[Exercise aim]
Set down the records again, keeping each line exactly as it is.

START Materials provided

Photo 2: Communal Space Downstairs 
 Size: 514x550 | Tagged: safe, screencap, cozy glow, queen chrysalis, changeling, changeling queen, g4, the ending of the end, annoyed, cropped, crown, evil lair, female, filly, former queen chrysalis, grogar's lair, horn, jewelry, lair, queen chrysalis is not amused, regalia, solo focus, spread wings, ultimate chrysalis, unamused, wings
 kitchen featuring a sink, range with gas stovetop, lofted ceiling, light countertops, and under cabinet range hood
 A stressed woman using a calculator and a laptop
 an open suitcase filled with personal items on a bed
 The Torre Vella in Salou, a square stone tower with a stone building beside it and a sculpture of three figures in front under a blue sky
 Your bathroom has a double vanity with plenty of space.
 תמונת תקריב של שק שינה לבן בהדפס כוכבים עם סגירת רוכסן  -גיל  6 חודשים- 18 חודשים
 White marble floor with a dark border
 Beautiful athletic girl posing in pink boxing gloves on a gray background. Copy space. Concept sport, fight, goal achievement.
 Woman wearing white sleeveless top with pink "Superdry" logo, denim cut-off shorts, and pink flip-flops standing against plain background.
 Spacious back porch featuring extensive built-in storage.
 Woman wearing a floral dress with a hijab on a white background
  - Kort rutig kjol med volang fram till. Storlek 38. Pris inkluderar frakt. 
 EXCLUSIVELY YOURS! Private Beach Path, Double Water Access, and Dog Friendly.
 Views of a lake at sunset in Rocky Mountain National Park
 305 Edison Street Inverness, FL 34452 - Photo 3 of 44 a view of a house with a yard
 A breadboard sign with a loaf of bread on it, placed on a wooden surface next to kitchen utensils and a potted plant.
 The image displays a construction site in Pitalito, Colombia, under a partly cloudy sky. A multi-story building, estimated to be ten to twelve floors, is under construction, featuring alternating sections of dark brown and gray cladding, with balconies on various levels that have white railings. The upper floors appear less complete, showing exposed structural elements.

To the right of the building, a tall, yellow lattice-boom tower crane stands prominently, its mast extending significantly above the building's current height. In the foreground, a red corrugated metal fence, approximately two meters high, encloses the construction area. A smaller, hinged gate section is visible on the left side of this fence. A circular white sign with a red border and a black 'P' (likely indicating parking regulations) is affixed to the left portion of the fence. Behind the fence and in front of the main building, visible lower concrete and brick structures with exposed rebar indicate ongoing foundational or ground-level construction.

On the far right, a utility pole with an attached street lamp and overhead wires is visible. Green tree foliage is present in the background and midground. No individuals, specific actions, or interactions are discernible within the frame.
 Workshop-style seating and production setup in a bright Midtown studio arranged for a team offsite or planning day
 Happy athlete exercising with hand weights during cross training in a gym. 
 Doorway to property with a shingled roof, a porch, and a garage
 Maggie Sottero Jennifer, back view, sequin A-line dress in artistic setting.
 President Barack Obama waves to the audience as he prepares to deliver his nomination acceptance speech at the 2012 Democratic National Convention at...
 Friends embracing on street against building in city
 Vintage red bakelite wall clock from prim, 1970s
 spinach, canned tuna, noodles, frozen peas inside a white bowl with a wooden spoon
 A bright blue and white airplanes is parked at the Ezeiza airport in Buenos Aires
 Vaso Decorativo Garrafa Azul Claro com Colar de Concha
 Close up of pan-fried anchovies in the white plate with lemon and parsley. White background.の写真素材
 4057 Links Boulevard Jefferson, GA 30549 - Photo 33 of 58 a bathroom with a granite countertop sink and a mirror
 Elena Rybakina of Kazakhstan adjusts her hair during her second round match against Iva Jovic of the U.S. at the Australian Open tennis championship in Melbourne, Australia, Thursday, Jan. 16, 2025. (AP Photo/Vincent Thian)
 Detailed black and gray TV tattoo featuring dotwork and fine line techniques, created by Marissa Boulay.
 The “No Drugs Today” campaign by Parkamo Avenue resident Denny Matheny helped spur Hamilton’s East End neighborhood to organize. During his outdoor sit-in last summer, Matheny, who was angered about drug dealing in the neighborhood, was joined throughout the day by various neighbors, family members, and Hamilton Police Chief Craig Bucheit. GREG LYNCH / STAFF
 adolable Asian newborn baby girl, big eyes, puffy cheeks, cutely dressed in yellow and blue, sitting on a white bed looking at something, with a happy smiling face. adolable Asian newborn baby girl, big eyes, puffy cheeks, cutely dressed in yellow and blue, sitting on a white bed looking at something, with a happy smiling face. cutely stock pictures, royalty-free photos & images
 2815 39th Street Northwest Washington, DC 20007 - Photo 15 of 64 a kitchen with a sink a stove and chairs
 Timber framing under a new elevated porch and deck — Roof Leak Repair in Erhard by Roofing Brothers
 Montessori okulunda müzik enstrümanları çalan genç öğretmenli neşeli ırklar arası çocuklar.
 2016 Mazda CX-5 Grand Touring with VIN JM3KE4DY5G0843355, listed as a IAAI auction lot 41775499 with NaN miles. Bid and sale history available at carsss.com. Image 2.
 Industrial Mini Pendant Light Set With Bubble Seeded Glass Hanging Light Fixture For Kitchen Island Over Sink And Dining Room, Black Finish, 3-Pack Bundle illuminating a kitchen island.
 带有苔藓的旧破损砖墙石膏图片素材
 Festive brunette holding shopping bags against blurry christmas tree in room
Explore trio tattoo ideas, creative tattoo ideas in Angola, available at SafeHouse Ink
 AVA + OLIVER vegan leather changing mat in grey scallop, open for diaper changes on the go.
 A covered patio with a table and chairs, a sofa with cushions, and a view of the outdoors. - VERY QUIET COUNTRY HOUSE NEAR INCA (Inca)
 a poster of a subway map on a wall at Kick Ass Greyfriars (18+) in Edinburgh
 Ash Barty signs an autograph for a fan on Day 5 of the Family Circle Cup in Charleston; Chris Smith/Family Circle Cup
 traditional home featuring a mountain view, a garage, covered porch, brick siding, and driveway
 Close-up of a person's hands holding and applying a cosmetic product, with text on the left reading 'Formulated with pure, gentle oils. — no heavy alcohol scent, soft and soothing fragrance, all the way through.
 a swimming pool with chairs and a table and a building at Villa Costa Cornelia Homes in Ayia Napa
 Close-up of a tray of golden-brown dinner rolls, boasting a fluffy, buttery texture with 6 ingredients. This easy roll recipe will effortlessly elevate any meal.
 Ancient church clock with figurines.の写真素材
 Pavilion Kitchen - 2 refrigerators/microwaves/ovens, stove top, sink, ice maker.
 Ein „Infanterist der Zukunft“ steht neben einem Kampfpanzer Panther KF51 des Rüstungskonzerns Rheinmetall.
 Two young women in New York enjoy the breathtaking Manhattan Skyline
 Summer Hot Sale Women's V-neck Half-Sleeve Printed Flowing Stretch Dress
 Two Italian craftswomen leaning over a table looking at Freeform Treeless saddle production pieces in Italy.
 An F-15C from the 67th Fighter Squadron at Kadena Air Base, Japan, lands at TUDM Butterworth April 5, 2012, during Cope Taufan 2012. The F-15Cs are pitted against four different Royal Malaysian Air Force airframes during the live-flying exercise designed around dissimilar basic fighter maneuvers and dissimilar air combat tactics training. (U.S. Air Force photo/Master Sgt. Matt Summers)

END Materials provided

[Response to the task]
Photo 2: Communal Space Downstairs 
 Size: 514x550 | Tagged: safe, screencap, cozy glow, queen chrysalis, changeling, changeling queen, g4, the ending of the end, annoyed, cropped, crown, evil lair, female, filly, former queen chrysalis, grogar's lair, horn, jewelry, lair, queen chrysalis is not amused, regalia, solo focus, spread wings, ultimate chrysalis, unamused, wings
 kitchen featuring a sink, range with gas stovetop, lofted ceiling, light countertops, and under cabinet range hood
 A stressed woman using a calculator and a laptop
 an open suitcase filled with personal items on a bed
 The Torre Vella in Salou, a square stone tower with a stone building beside it and a sculpture of three figures in front under a blue sky
 Your bathroom has a double vanity with plenty of space.
 תמונת תקריב של שק שינה לבן בהדפס כוכבים עם סגירת רוכסן  -גיל  6 חודשים- 18 חודשים
 White marble floor with a dark border
 Beautiful athletic girl posing in pink boxing gloves on a gray background. Copy space. Concept sport, fight, goal achievement.
 Woman wearing white sleeveless top with pink "Superdry" logo, denim cut-off shorts, and pink flip-flops standing against plain background.
 Spacious back porch featuring extensive built-in storage.
 Woman wearing a floral dress with a hijab on a white background
  - Kort rutig kjol med volang fram till. Storlek 38. Pris inkluderar frakt. 
 EXCLUSIVELY YOURS! Private Beach Path, Double Water Access, and Dog Friendly.
 Views of a lake at sunset in Rocky Mountain National Park
 305 Edison Street Inverness, FL 34452 - Photo 3 of 44 a view of a house with a yard
 A breadboard sign with a loaf of bread on it, placed on a wooden surface next to kitchen utensils and a potted plant.
 The image displays a construction site in Pitalito, Colombia, under a partly cloudy sky. A multi-story building, estimated to be ten to twelve floors, is under construction, featuring alternating sections of dark brown and gray cladding, with balconies on various levels that have white railings. The upper floors appear less complete, showing exposed structural elements.

To the right of the building, a tall, yellow lattice-boom tower crane stands prominently, its mast extending significantly above the building's current height. In the foreground, a red corrugated metal fence, approximately two meters high, encloses the construction area. A smaller, hinged gate section is visible on the left side of this fence. A circular white sign with a red border and a black 'P' (likely indicating parking regulations) is affixed to the left portion of the fence. Behind the fence and in front of the main building, visible lower concrete and brick structures with exposed rebar indicate ongoing foundational or ground-level construction.

On the far right, a utility pole with an attached street lamp and overhead wires is visible. Green tree foliage is present in the background and midground. No individuals, specific actions, or interactions are discernible within the frame.
 Workshop-style seating and production setup in a bright Midtown studio arranged for a team offsite or planning day
 Happy athlete exercising with hand weights during cross training in a gym. 
 Doorway to property with a shingled roof, a porch, and a garage
 Maggie Sottero Jennifer, back view, sequin A-line dress in artistic setting.
 President Barack Obama waves to the audience as he prepares to deliver his nomination acceptance speech at the 2012 Democratic National Convention at...
 Friends embracing on street against building in city
 Vintage red bakelite wall clock from prim, 1970s
 spinach, canned tuna, noodles, frozen peas inside a white bowl with a wooden spoon
 A bright blue and white airplanes is parked at the Ezeiza airport in Buenos Aires
 Vaso Decorativo Garrafa Azul Claro com Colar de Concha
 Close up of pan-fried anchovies in the white plate with lemon and parsley. White background.の写真素材
 4057 Links Boulevard Jefferson, GA 30549 - Photo 33 of 58 a bathroom with a granite countertop sink and a mirror
 Elena Rybakina of Kazakhstan adjusts her hair during her second round match against Iva Jovic of the U.S. at the Australian Open tennis championship in Melbourne, Australia, Thursday, Jan. 16, 2025. (AP Photo/Vincent Thian)
 Detailed black and gray TV tattoo featuring dotwork and fine line techniques, created by Marissa Boulay.
 The “No Drugs Today” campaign by Parkamo Avenue resident Denny Matheny helped spur Hamilton’s East End neighborhood to organize. During his outdoor sit-in last summer, Matheny, who was angered about drug dealing in the neighborhood, was joined throughout the day by various neighbors, family members, and Hamilton Police Chief Craig Bucheit. GREG LYNCH / STAFF
 adolable Asian newborn baby girl, big eyes, puffy cheeks, cutely dressed in yellow and blue, sitting on a white bed looking at something, with a happy smiling face. adolable Asian newborn baby girl, big eyes, puffy cheeks, cutely dressed in yellow and blue, sitting on a white bed looking at something, with a happy smiling face. cutely stock pictures, royalty-free photos & images
 2815 39th Street Northwest Washington, DC 20007 - Photo 15 of 64 a kitchen with a sink a stove and chairs
 Timber framing under a new elevated porch and deck — Roof Leak Repair in Erhard by Roofing Brothers
 Montessori okulunda müzik enstrümanları çalan genç öğretmenli neşeli ırklar arası çocuklar.
 2016 Mazda CX-5 Grand Touring with VIN JM3KE4DY5G0843355, listed as a IAAI auction lot 41775499 with NaN miles. Bid and sale history available at carsss.com. Image 2.
 Industrial Mini Pendant Light Set With Bubble Seeded Glass Hanging Light Fixture For Kitchen Island Over Sink And Dining Room, Black Finish, 3-Pack Bundle illuminating a kitchen island.
 带有苔藓的旧破损砖墙石膏图片素材
 Festive brunette holding shopping bags against blurry christmas tree in room
Explore trio tattoo ideas, creative tattoo ideas in Angola, available at SafeHouse Ink
 AVA + OLIVER vegan leather changing mat in grey scallop, open for diaper changes on the go.
 A covered patio with a table and chairs, a sofa with cushions, and a view of the outdoors. - VERY QUIET COUNTRY HOUSE NEAR INCA (Inca)
 a poster of a subway map on a wall at Kick Ass Greyfriars (18+) in Edinburgh
 Ash Barty signs an autograph for a fan on Day 5 of the Family Circle Cup in Charleston; Chris Smith/Family Circle Cup
 traditional home featuring a mountain view, a garage, covered porch, brick siding, and driveway
 Close-up of a person's hands holding and applying a cosmetic product, with text on the left reading 'Formulated with pure, gentle oils. — no heavy alcohol scent, soft and soothing fragrance, all the way through.
 a swimming pool with chairs and a table and a building at Villa Costa Cornelia Homes in Ayia Napa
 Close-up of a tray of golden-brown dinner rolls, boasting a fluffy, buttery texture with 6 ingredients. This easy roll recipe will effortlessly elevate any meal.
 Ancient church clock with figurines.の写真素材
 Pavilion Kitchen - 2 refrigerators/microwaves/ovens, stove top, sink, ice maker.
 Ein „Infanterist der Zukunft“ steht neben einem Kampfpanzer Panther KF51 des Rüstungskonzerns Rheinmetall.
 Two young women in New York enjoy the breathtaking Manhattan Skyline
 Summer Hot Sale Women's V-neck Half-Sleeve Printed Flowing Stretch Dress
 Two Italian craftswomen leaning over a table looking at Freeform Treeless saddle production pieces in Italy.
 An F-15C from the 67th Fighter Squadron at Kadena Air Base, Japan, lands at TUDM Butterworth April 5, 2012, during Cope Taufan 2012. The F-15Cs are pitted against four different Royal Malaysian Air Force airframes during the live-flying exercise designed around dissimilar basic fighter maneuvers and dissimilar air combat tactics training. (U.S. Air Force photo/Master Sgt. Matt Summers)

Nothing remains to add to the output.